*** DATASET CONTENT ***
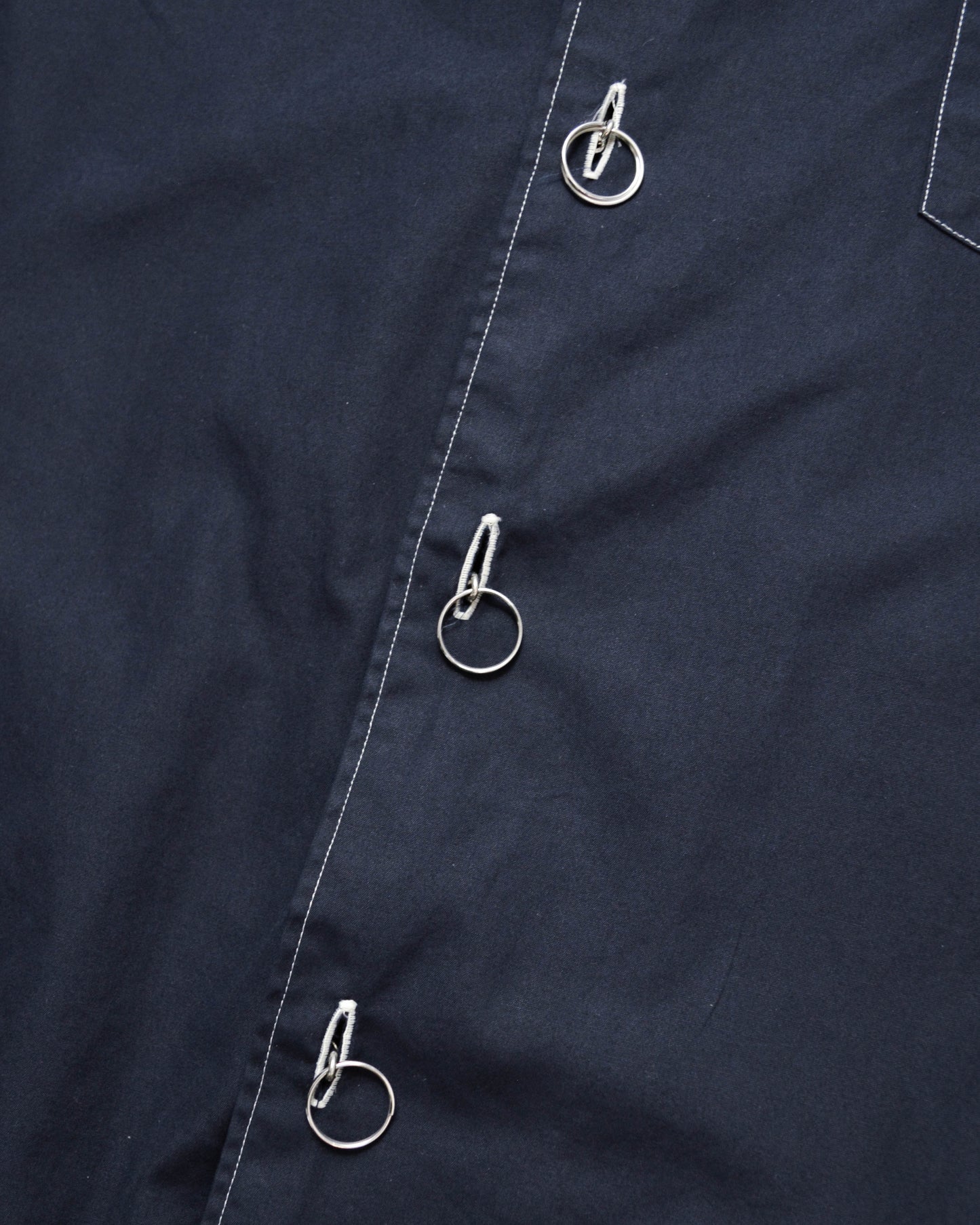 1990 Navy Metal Ring Closure Contrast Stitch Shirt (~L~)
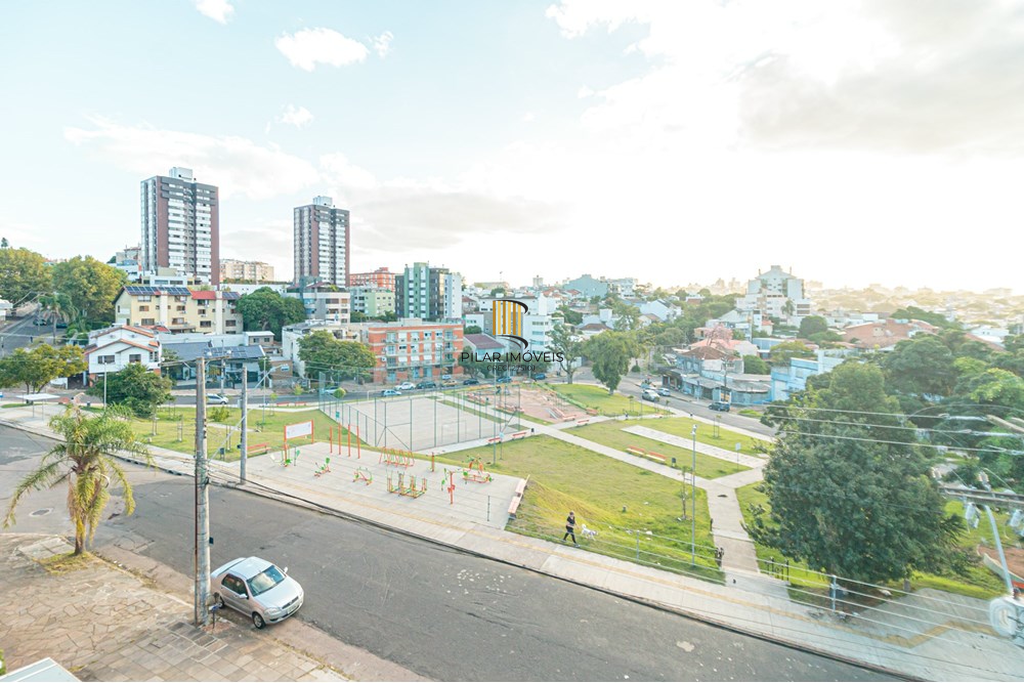 Casa 4 dormitórios no bairro Chácara das Pedras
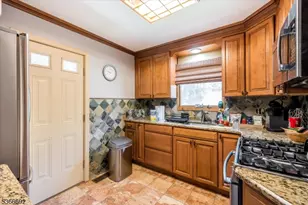 518 Eagle Rock Ave, Roseland, NJ 07068 - Photo 7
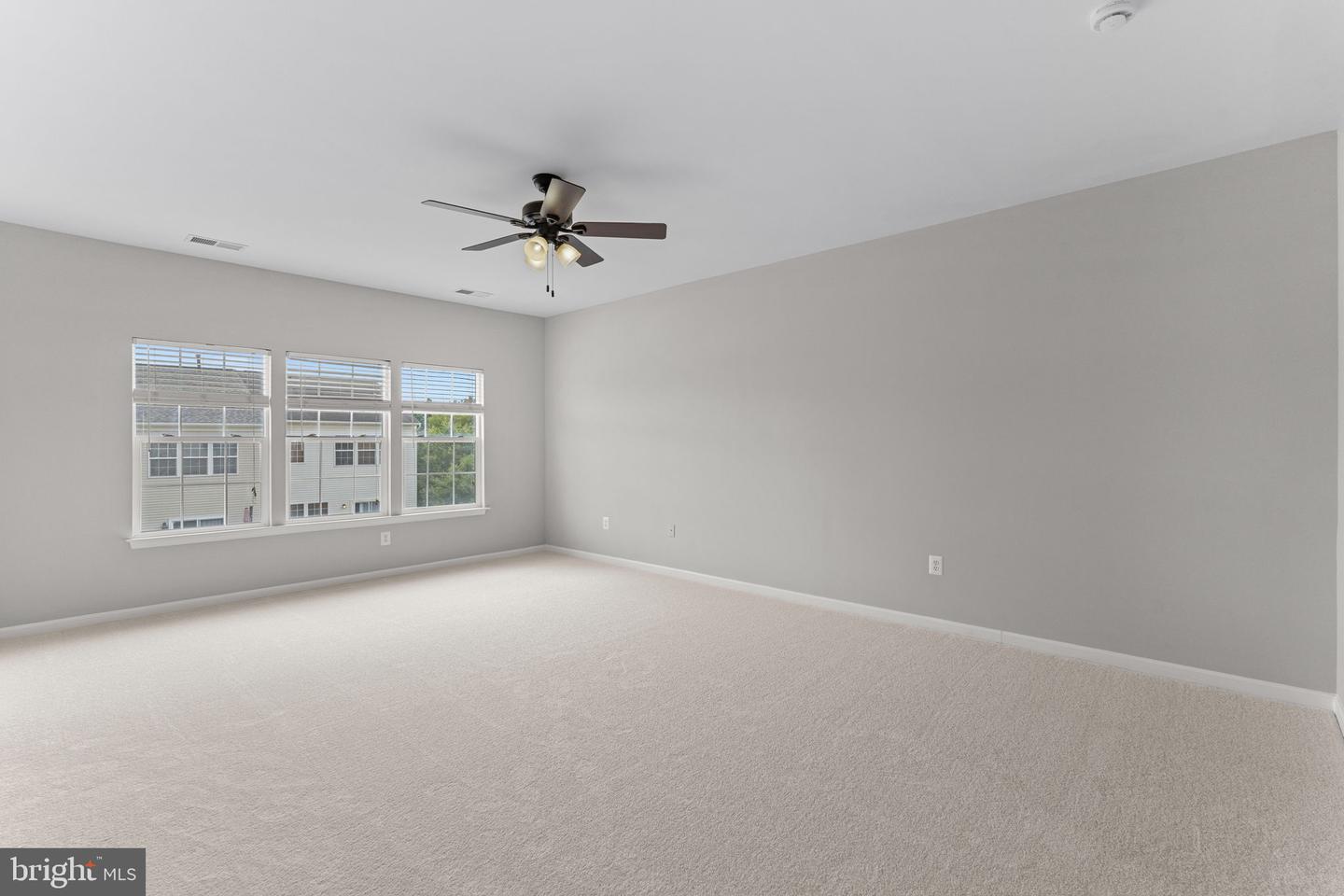 44253 Huron Ter Property Photo 31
*** End of DATASET CONTENT ***
PROBLEM: A faithful, word-for-word copy of the data is needed; the pictures should not appear in it.

RESULT OF THE EXERCISE:
 1990 Navy Metal Ring Closure Contrast Stitch Shirt (~L~)
 Casa 4 dormitórios no bairro Chácara das Pedras
 518 Eagle Rock Ave, Roseland, NJ 07068 - Photo 7
 44253 Huron Ter Property Photo 31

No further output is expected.